En ce qui concerne la vente d'alcool à la sauvette, nous avons effectivement recensé beaucoup de cas. Neuf personnes ont été interpellées. Mais il est assez difficile d'interpeller des vendeurs à la sauvette en raison de leur extrême mobilité. D'ailleurs, en ce moment, je suis en train d'expérimenter les interpellations de vendeurs à la sauvette sur le Champ-de-Mars - ventes de boissons, de souvenirs, de maillots de supporters, etc.
Encore une fois, il était absolument nécessaire de les interpeller, mais dans la hiérarchie des incidents, ce qui nous a préoccupés au niveau des interpellations, c'est d'abord les agressions et les violences aux personnes. C'était ça l'absolue priorité.
Quid ensuite des comparutions immédiates ? Comme je l'ai souligné tout à l'heure, il va falloir voir tout cela avec les parquets concernés. Mais très souvent, ce que l'on observe dans des mouvements de foule de cette nature, c'est que l'on ne peut pas reprocher à la justice de ne pas déférer les personnes en comparution immédiate : le problème que nous avons, c'est la rédaction des procès-verbaux d'interpellation. Quand vous êtes dans un moment de cette nature, c'est-à-dire d'une intensité policière extrêmement forte, il faut rédiger le PV d'interpellation de la personne. En situation d'urgence, tout cela est souvent mal fait. Ce n'est pas un reproche que j'adresse aux hommes et aux femmes sous mon commandement, mais c'est une réalité d'expérience. Très franchement, ils ont vraiment autre chose à faire. Or, quand les PV sont mal rédigés, les magistrats, à juste titre, nous disent que cela ne tient pas debout. C'est un problème que nous rencontrons lors les manifestations depuis 2015, c'est-à-dire depuis que la nature des manifestations a changé - vous voyez, c'était avant mon arrivée, tout n'est pas dû à ma présence à la préfecture de police !

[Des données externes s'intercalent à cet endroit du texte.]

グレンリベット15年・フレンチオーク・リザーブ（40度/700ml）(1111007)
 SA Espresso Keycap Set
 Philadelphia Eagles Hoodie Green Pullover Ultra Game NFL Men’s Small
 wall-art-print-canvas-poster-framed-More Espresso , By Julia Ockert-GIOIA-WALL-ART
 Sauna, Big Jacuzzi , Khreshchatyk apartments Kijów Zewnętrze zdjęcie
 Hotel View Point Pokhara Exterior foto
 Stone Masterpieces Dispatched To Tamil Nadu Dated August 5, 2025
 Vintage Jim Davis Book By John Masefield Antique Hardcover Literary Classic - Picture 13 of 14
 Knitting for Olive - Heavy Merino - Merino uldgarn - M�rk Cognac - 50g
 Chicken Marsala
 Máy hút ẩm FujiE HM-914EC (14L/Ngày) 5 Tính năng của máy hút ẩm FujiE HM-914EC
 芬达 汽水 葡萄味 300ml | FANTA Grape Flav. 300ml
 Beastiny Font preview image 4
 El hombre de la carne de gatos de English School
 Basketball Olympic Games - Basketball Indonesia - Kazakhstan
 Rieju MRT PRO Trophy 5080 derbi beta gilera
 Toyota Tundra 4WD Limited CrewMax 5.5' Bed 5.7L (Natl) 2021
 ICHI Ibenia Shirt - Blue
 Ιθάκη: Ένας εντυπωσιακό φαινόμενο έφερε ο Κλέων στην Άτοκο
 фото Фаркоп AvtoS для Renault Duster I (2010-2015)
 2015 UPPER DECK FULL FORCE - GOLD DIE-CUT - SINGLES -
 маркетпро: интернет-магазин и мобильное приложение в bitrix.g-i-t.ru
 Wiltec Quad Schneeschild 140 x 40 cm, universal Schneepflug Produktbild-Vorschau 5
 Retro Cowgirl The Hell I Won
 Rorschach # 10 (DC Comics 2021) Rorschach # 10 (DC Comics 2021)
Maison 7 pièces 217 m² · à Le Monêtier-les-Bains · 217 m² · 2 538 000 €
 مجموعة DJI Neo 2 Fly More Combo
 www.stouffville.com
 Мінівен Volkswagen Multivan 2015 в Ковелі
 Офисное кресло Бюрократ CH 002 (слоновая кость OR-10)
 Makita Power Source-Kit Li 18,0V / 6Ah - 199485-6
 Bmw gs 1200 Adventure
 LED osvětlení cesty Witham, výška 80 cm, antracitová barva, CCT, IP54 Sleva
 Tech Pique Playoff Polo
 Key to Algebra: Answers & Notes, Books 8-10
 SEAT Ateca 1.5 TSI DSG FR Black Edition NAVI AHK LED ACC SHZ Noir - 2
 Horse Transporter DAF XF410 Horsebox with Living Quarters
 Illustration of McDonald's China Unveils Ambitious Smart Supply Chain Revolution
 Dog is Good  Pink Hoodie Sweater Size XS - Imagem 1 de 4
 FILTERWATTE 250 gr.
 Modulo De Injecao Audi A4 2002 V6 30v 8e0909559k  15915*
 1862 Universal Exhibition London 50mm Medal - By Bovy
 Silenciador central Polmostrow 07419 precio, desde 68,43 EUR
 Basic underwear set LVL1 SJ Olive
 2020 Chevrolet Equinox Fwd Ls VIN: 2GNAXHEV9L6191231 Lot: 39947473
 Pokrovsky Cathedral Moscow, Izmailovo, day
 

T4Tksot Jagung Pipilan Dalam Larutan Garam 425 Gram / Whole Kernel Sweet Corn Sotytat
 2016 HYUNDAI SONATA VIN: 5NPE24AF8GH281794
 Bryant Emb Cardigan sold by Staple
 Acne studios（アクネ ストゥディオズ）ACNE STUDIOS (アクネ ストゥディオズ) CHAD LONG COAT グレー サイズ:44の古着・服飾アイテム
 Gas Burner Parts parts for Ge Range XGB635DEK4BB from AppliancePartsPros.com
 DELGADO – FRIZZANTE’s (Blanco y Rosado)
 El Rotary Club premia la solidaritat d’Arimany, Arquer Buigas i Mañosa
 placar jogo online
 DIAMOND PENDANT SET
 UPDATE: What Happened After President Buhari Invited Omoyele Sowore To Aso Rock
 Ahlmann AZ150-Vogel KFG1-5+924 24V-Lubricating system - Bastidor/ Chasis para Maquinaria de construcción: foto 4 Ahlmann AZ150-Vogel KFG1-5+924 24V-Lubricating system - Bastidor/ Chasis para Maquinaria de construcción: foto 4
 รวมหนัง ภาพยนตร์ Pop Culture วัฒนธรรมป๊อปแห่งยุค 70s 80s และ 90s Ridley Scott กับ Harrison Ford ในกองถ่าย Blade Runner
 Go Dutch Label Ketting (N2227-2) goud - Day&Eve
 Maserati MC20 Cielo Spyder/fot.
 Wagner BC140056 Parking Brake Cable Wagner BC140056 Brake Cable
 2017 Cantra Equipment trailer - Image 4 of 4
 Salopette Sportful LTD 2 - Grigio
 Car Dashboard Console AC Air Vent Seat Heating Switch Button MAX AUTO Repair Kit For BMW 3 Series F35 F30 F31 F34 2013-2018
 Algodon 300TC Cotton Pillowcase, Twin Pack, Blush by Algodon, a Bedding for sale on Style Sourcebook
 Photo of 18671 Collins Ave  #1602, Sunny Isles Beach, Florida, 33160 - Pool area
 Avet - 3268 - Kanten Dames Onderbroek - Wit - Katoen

Bref, nous avons du mal à documenter précisément les conditions d'une interpellation et à formuler l'infraction ou le délit commis. Nous avons expérimenté plusieurs méthodes, qui n'ont pas été déployées au Stade de France, notamment en missionnant des agents spécialisés en appui des éléments d'intervention ; il s'agit, en quelque sorte, de greffiers du dispositif. Leur mission est d'aider très rapidement le fonctionnaire à rédiger son PV d'interpellation. Mais pour les raisons que j'ai évoquées tout à l'heure, ces agents n'ont pas été déployés ce soir-là et, assez vraisemblablement, nos PV n'étaient pas totalement bien rédigés.
Je ne reviendrai pas sur les explications concernant la présence de 30 000 à 40 000 supporters. J'espère néanmoins, même si j'ai bien compris que je n'avais pas convaincu tout le monde, avoir été clair.